The prestigious FAA certification, which was carried out under a bilateral agreement with the Civil Aviation Authority of New Zealand, was clinched after 18 months exhaustive testing. This entailed subjecting the PAC 750XL to 315 flights, 1000 spins and 2500 individual tests on top of 70,000 man-hours of design, manufacture and assembly - not to mention an investment of many millions of dollars.
When the CAA cleared the PAC 750XL for take-off last year, it had the distinction of being the first passenger aircraft to be designed and manufactured in New Zealand. It's also believed to be the first new aircraft built in the last 25 years specifically to target the burgeoning adventure skydiving market.
It is now the first New Zealand designed and built aircraft to receive FAA-type certification.

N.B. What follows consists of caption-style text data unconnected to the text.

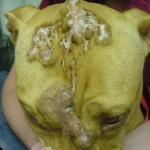Lucky, Pit Bull Mix - Medical Animals In Need (4)
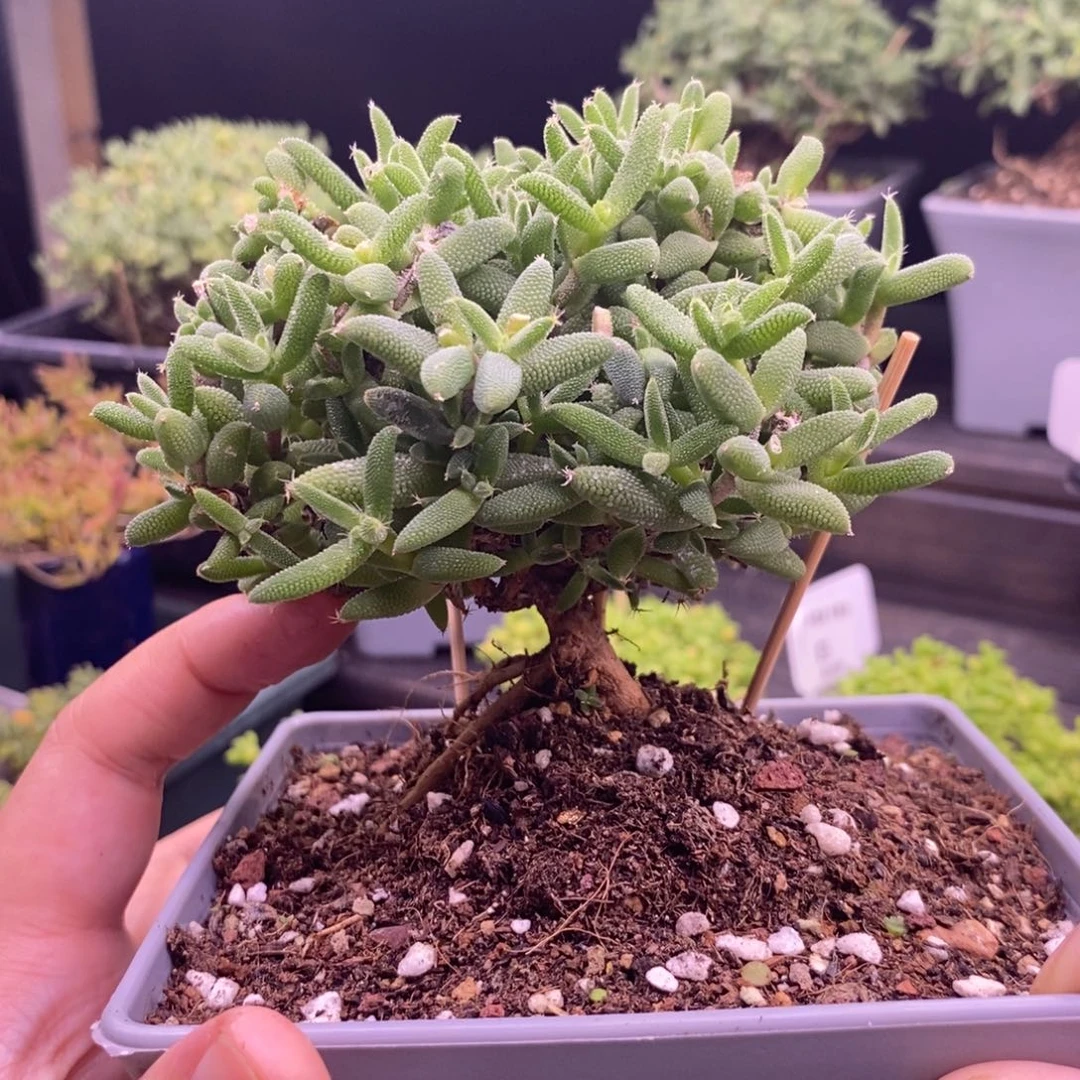96玉米老桩。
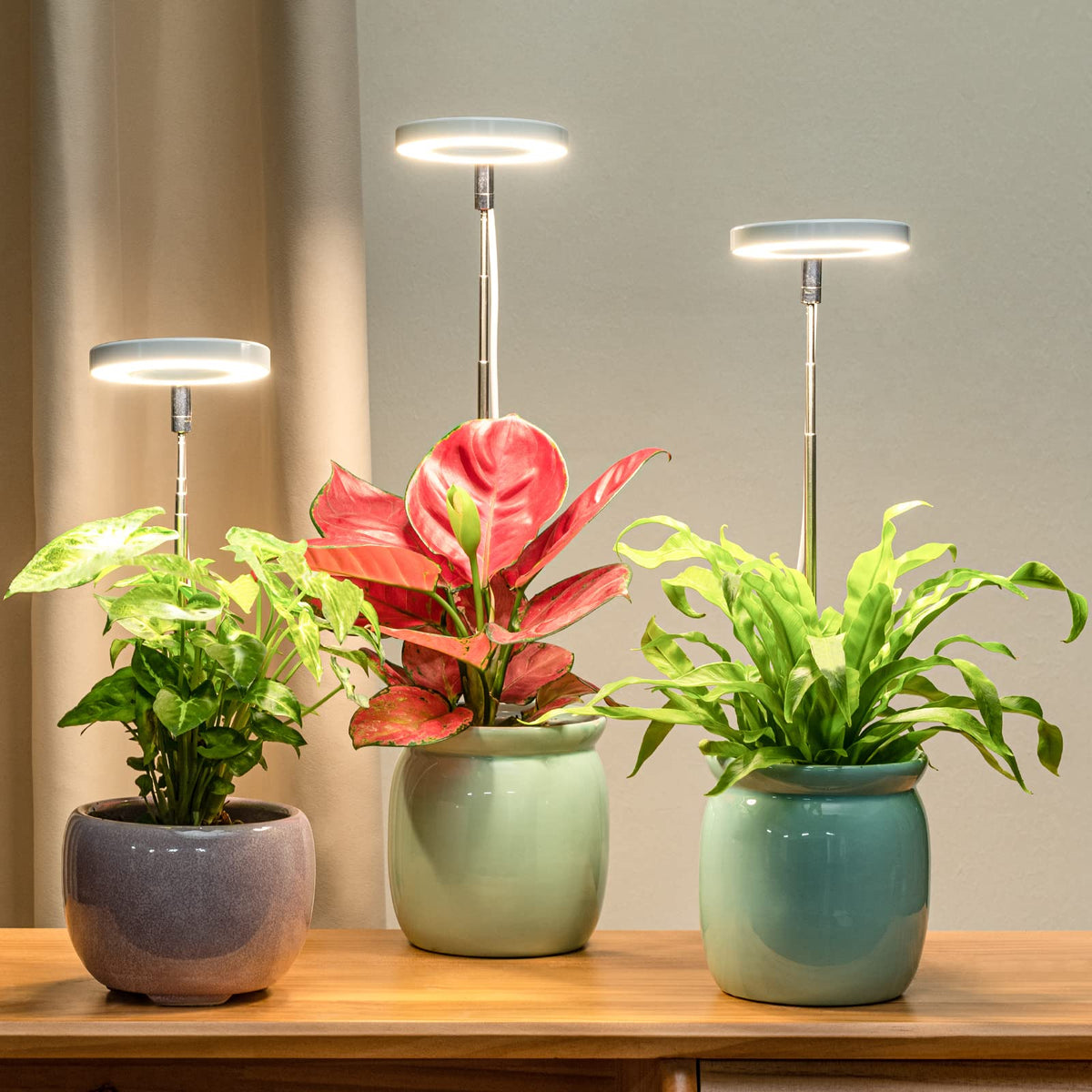 LORDEM Grow Light full-spectrum 380-800nm supports herbs and succulents.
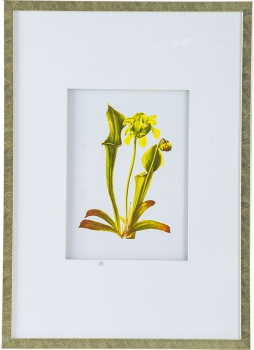 Комплект из 4 постеров Flora 50X70 / 50X70 / 50X70 / 50X70 CM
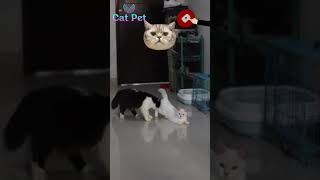 catcompilations cat catsofinstagram catvideos catlover cuteanimal cats mating funny [upl. by Grati]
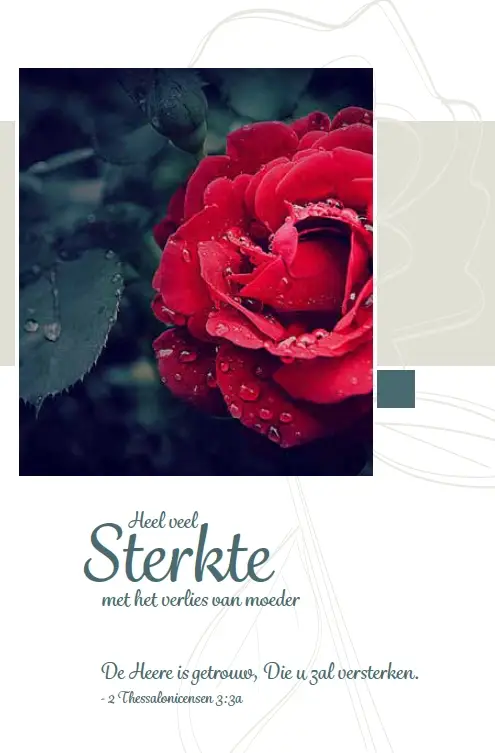 Deelneming Moeder m/t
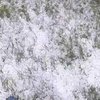 В Украине посреди лета выпал снег (видео) 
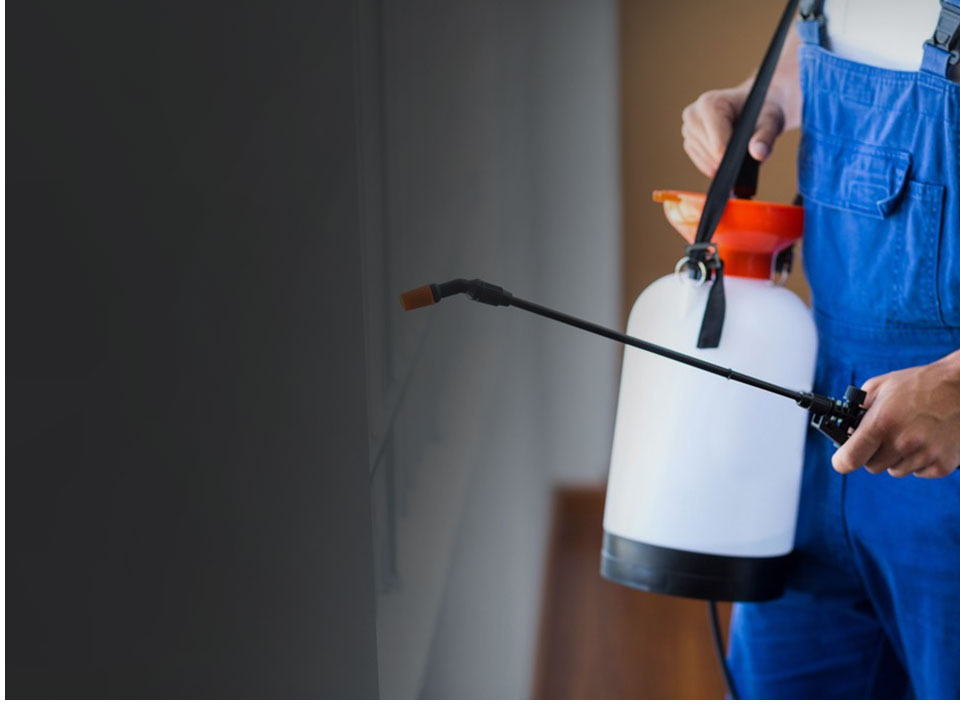 carpet-cleaning-pest-control-newcastle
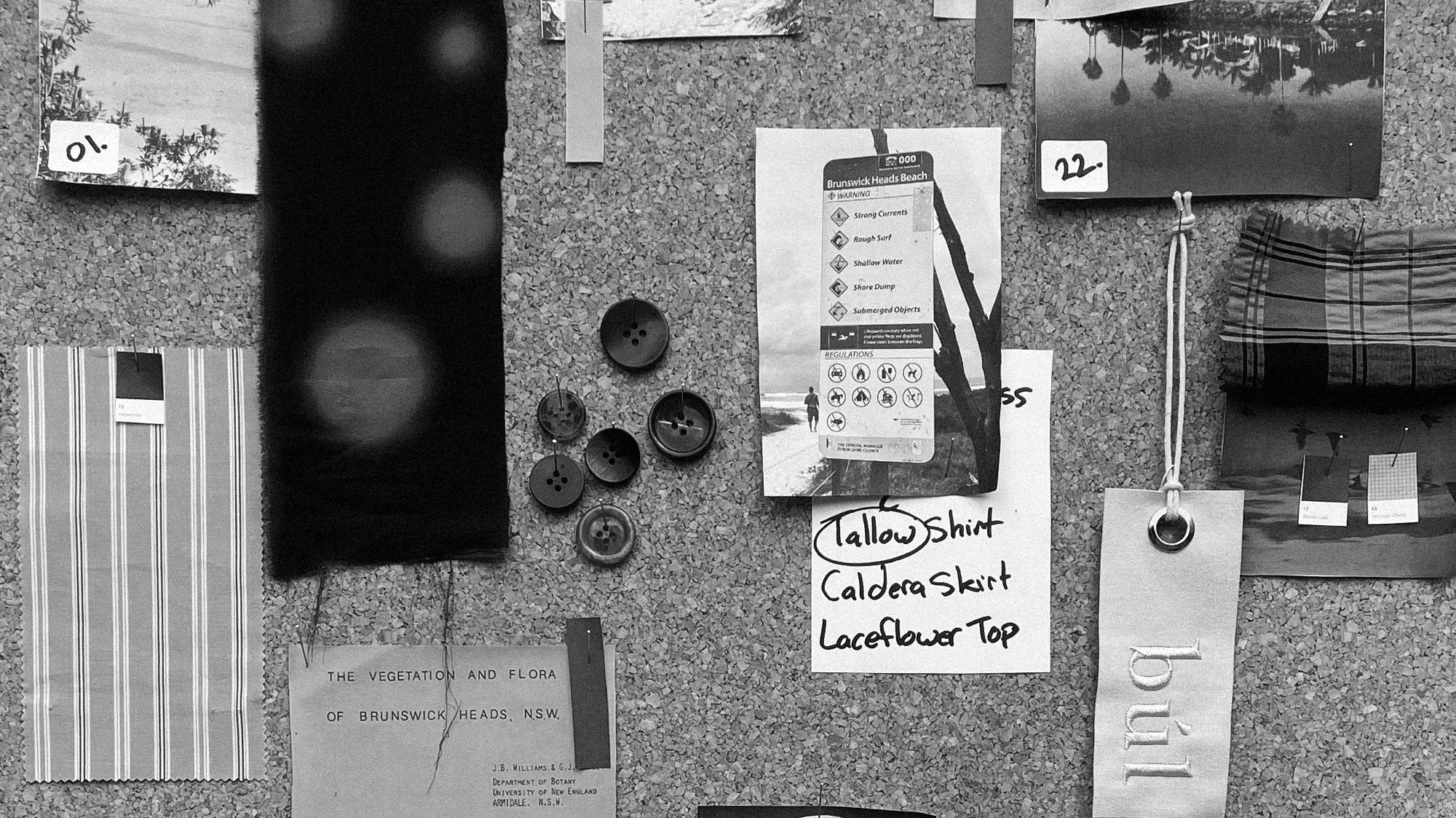 Field notes from Brunswick Heads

The growing popularity of international skydiving provided the impetus for PAC to design and build the PAC 750XL. The robust, multi-purpose aircraft can take 17 fully kitted skydivers to 3600 metres in 12 minutes. Its spacious interior, large exit door, safe jump platform and quick loading capability make it ideal for parachuting. First cleared for take-off in 2001, the first formal certification flight took place in January 2003. Pacific Aerospace Corporation achieved its target of completing flight-testing by March 31 - 100 years to the day since Kiwi aviator Richard Pearse took to the air in his bamboo monoplane. Pacific Aerospace Corporation's managing director Brian Hare says firm options for 260 of the PAC 750XL, in addition to the 18 already sold, supports the company's belief the plane is the best multi-purpose aircraft available.
"At around $NZ1.7 million ($US1 million) per aircraft, we are sitting on export orders in excess of $NZ440 million ($US250 million) over the next 10 years," says Hare. "Pacific Aerospace Corporation has plans to triple in size over the next three to five years to cope with worldwide demand. Total staffing will increase from 120 to over 250 by 2008 and a number of key subcontractors throughout New Zealand will also boost capacity."